Quali le difficoltà per gli studi locali invece?
Questa tipologia di studi ha una sofferenza di base: la carenza di rapporti internazionali, politici e governativi di alto livello, che invece gli studi di maggiori dimensioni possono spendere. Con que­sti studi sulla qualità possiamo considerarci alla pari, finiamo però per soffrire di una mancanza di relazioni che sono invece un patrimonio impor­tante. Il risultato è che su 30 operazioni di M&a internazionali nel territorio realizzate tra il 2016 e il 2017, il nostro studio ne ha intercettate solo due, di cinesi in un caso e di indonesiani nell’altro, gra­zie ai nostri rapporti locali. E per questi rapporti otteniamo il mandato.

Come si sta declinando sul territorio un modello di studio evoluto?
L’insegna è partita nella forma attuale nel 2001, come studio Lambertini e Associati. Si è sempre occupato prevalentemente di conflitto societario e concorsua­le. La specializzazione è sempre stata coltivata. Oggi la professionalità di alcuni avvocati, guidati da De­bora Cremasco, ha coltivato altre specializzazioni, in particolare sul fronte M&a. Nel complesso, noi presidiamo quattro temi: il corporate con specializ­zazione nel conflitto societario (sede di Verona), la crisi di impresa (Vicenza), l’assistenza ad alcune so­cietà che operano all’estero (a Roma), e un’attività nel finanziario, come le cartolarizzazioni (a Milano). Il civile e contrattuale è organizzato dal professor Ste­fano Troiano e il contenzioso da Giovanni Aquara. Ci occupiamo quasi esclusivamente di operazioni non ordinarie. Puntiamo sul fatto che il cliente venga seguito nella sua pratica dal socio o dal senior, non si veda “abbandonato” a un giovane.

Come state sviluppando la cultura interna?
Lavoriamo come una squadra affiatata, il merca­to tende a premiarti quando percepisce che c’è un team e non solo un leader. Per questo di solito pre­feriamo crescere i giovani in house, anche se è più faticoso: in media di 50 che passano ne rimane uno. Il metodo fa riferimento al criterio anglosassone, per cui all’incontro con i clienti il praticante non parte­cipa, ma cresce nelle ricerche per gli atti interni, nei seminari periodici e nel rapporto con i soci. Fino a quando non diventa avvocato, momento da cui par­te il vero tirocinio, quattro-cinque anni, curiamo la sua crescita. Una volta giunto a questo punto, nor­malmente rimane da noi. Le nostre richieste sono semplici: buon carattere, eccellente padronanza della materia, eccellente conoscenza di almeno una lingua straniera, preferibilmente l’inglese. Il sistema di remunerazione è basato su garanzie mensili di reddito e su premi collettivi e individuali.
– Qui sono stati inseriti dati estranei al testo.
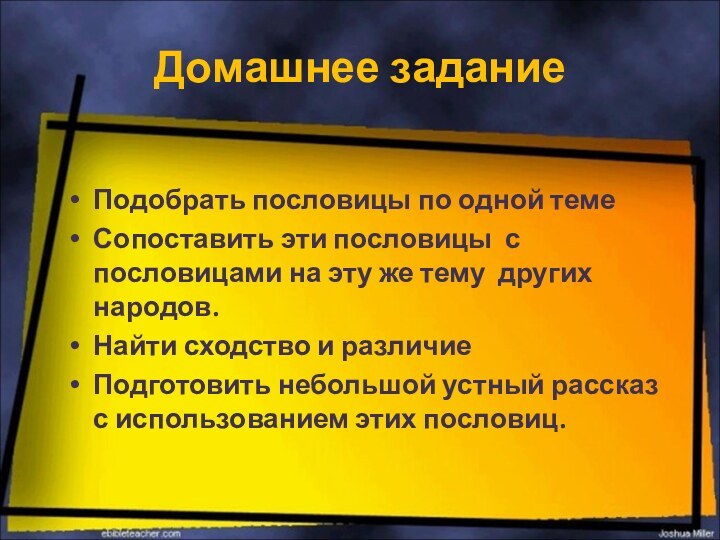 Домашнее заданиеПодобрать пословицы по одной темеСопоставить эти пословицы с пословицами на эту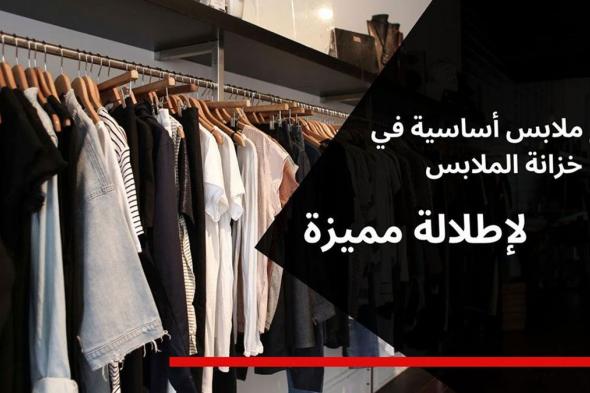 الامارات | قطع ملابس أساسية في خزانة الملابس لتنسيق إطلالة مميزة
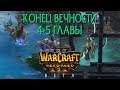 4-5 главы Конца Вечности, запущенные в Warcraft 3 Reforged, с КЛАССИЧЕСКОЙ ОЗВУЧКОЙ!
Come è strutturato il percorso verso la partnership?
Ricerchiamo uno stile comune, interno ed esterno all’associazione: determinati ma non aggressivi, autonomi rispetto a qualunque posizione esterna, preparati ed efficienti. Abbiamo da poco sciolto il rapporto con un giovane che avevamo associato tre anni fa: non c’era condivisione su di una visione co­mune sia dei rapporti tra professionisti sia con i col­laboratori. Abbiamo sempre avuto un’associazione aperta ma dopo quest’ultima esperienza ho matu­rato dei dubbi. Il mio sogno resta però uno studio di soli soci. Pochi avvocati, ma tutti soci, tutti con pari impegno e pari dignità.